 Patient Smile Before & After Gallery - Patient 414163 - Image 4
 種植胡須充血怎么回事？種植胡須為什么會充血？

--

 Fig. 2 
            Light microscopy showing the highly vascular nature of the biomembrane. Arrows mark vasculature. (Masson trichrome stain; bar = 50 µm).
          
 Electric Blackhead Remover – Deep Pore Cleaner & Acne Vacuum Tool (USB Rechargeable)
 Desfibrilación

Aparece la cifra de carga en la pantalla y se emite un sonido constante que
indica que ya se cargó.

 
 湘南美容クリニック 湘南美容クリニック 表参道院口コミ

* _Task to carry out_: Working from the material above, restate word for word the lines between the line with "Light microscopy showing" and the line with "Aparece la cifra", both included, and only those.

* _Answer to this task_:
            Light microscopy showing the highly vascular nature of the biomembrane. Arrows mark vasculature. (Masson trichrome stain; bar = 50 µm).
          
 Electric Blackhead Remover – Deep Pore Cleaner & Acne Vacuum Tool (USB Rechargeable)
 Desfibrilación

Aparece la cifra de carga en la pantalla y se emite un sonido constante que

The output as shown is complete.